In MBM, we’ve learned from free societies that owners bear the consequences of their actions (both positive and negative). We translate that idea into the organization by establishing responsibilities, and then holding employees accountable for their responsibilities. Notice that these statements make no guarantee that one will have all the decision rights s/he needs to accomplish his/her responsibilities.
It could be that one has all the decision rights, none of the decision rights or partial decision rights. This is done deliberately. Below are several reasons why someone may have responsibility without having all the decision rights necessary to execute on those responsibilities:
- Knowledge: It could be the individual doesn’t have the best knowledge. By having someone else holding the decision right, the two will have to meet and exchange knowledge.
- Skill: Sometimes the responsible party isn’t good at making certain types of decisions, so it’s a deliberate way to make sure someone with better judgment is making the final call.
- Perspective: It could be there needs to be a broader or different perspective to make the best decision. For instance, if I’m working on a research paper that is going organization-wide, it’s probably best for someone who is familiar with the entire organization to have the final say on when and how it is released.
- Customer Focus: In certain cases, not having decision rights encourages one to treat the decision maker more like a customer. I think this is a bit like the president having a speech writer. The speech writer doesn’t have final say in what the president says, and that’s a good thing. The speech writer has to treat the president like a customer: talk to him to understand the goal, stay closely connected with likes/dislikes and so forth.
- Challenge: It could be there are decisions that require a lot of challenge to make the best possible decision. For instance, supervisors do not have decision rights to change the base pay of direct reports – but they do have responsibility to ensure direct reports are getting base pay reviews. This is done deliberately to make sure that supervisors are getting lots of challenge around this very important decision.

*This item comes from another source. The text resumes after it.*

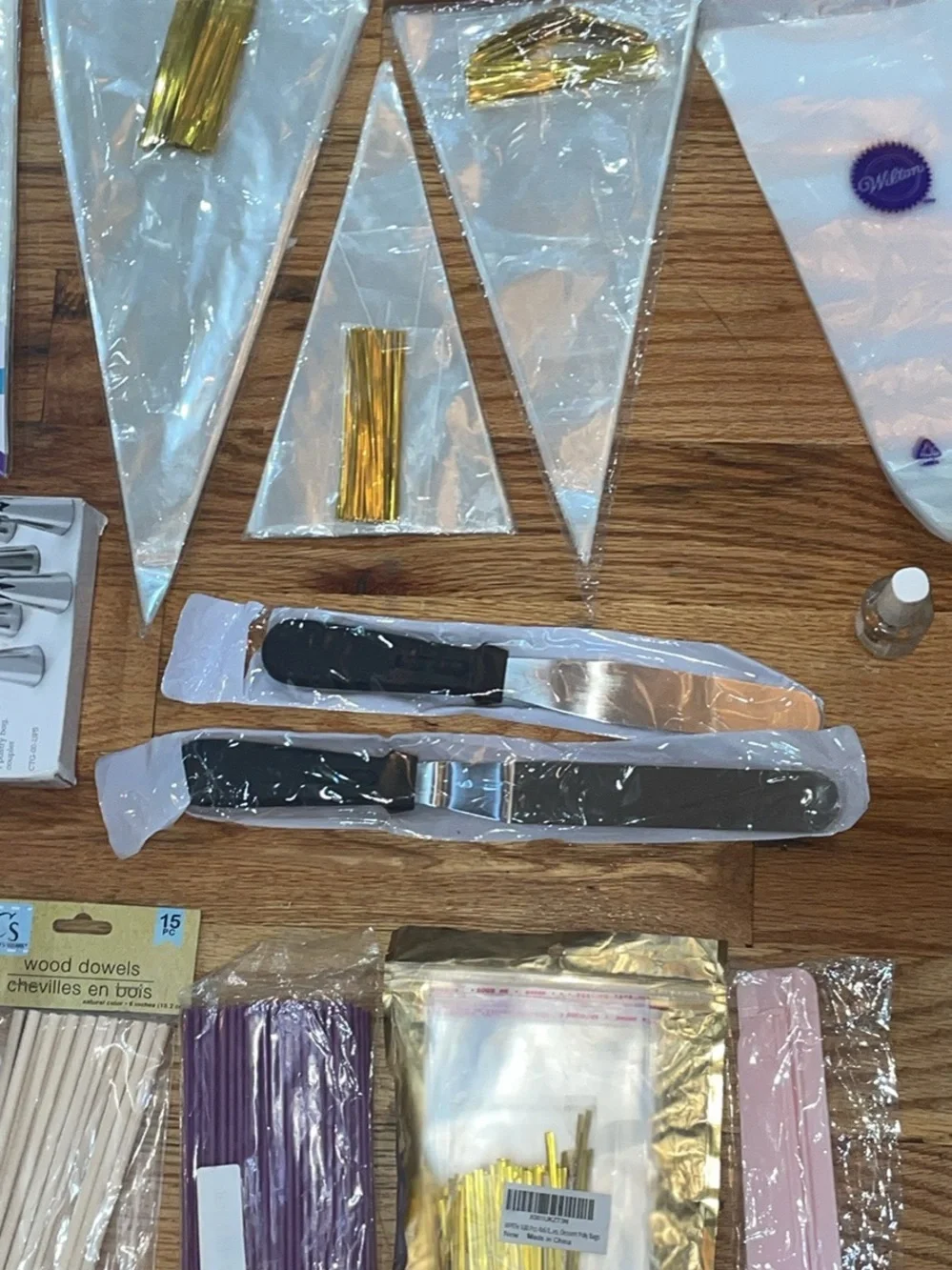 Baking Supplies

I’m sure there may be other reasons why one may have responsibility without decision rights. This isn’t to say that this is always an ideal situation. There may instances where the person with responsibility has decision rights and it works quite well.
Regardless of the situation, we do not believe that one has to have decision rights in order to get things done. This is where our ideas about Principled EntrepreneurshipTM come into play. Out in free societies, successful entrepreneurs are not deterred by their lack of authority. Inside the organization, if one lacks decision rights, they have to be entrepreneurial, find the person with decision rights, and work to convince that person to use resources.
Have you been a situation where you had responsibility but not all the decision rights you needed? What did you learn from that situation?